Nous sommes jeunes et vous êtes vieux maintenant.
Le plus petit enfant le voit parfaitement :
Vous parlez d'avenir, vous pensez argent
Et vous tournez vos barbes au vent !
Vous donnez des conseils précieux.
D’un index impérieux,
Vous nous montrez la nouvelle voie.
Vous avez mené ça admirablement.
Vous hurliez encore « Heil ! », il y a un an.
On admire, comme vous prêchez « la liberté » maintenant
Si vite après le contraire, juste avant.
Nous sommes jeunes et vous êtes vieux maintenant.
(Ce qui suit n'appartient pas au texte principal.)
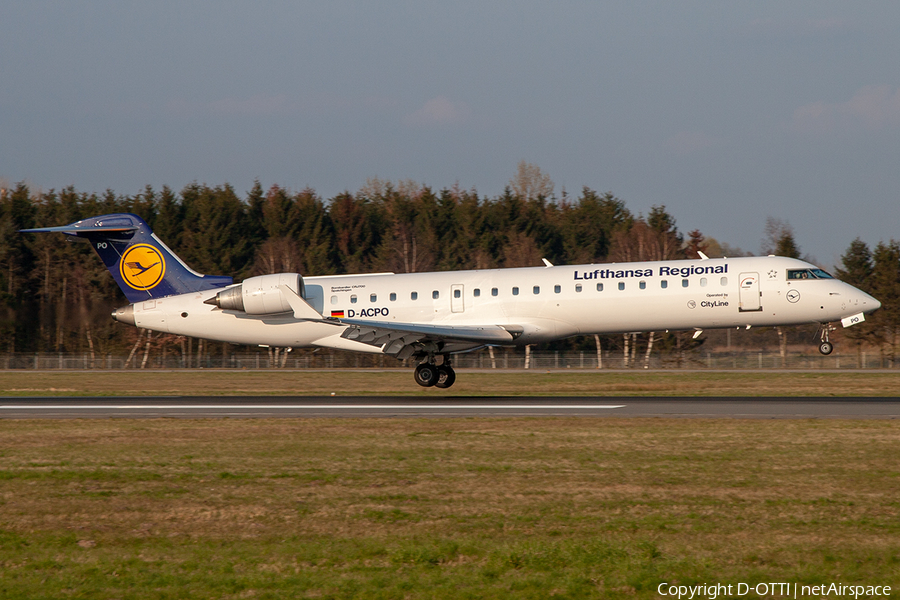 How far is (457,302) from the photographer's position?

Le plus petit enfant le voit parfaitement :
Vous parlez d'avenir, vous pensez argent
Et vous tournez vos barbes au vent !
À
présent vous
vous plaignez beaucoup
Que vous n’arrivez à rien avec nous ?
Taisez-vous avec vos belles messes !
On dit : il faut honorer la vieillesse…
Parfois, parfois !
Ce n'est pas si facile parfois.
Nous avons été élevés dans votre monde
Nous savons grandi avec votre culte.
Vous êtes les aînés. Nous sommes plus jeunes.
Le plus vieux a une dette plus ancienne.
Nous avons de faux idéaux ?
C’est peut être exact, merci – voilà tout....
Mais maintenant ? Des idéaux,
Nous n’en avons même plus du tout !
Que vous n’arrivez à rien avec nous ?
Taisez-vous avec vos belles messes !
On dit : il faut honorer la vieillesse…
Parfois, parfois !
Ce n'est pas si facile parfois.
Nous avons été élevés dans votre monde
Nous savons grandi avec votre culte.
Vous êtes les aînés. Nous sommes plus jeunes.
Le plus vieux a une dette plus ancienne.
Nous avons de faux idéaux ?
C’est peut être exact, merci – voilà tout....
Mais maintenant ? Des idéaux,
Nous n’en avons même plus du tout !
Notre cœur gelé est de plus en plus glacé.
Nous sommes si fatigués et sans volonté.
Nous sommes les jeunes. Vous les aînés.
Et il faudrait vraiment vous aimer ?
Vous
voulez vous
justifier et changer.
Mais nous pensons avec tristesse :
« Si pourtant, nous n’étions jamais nés ! »
Mais nous pensons avec tristesse :
« Si pourtant, nous n’étions jamais nés ! »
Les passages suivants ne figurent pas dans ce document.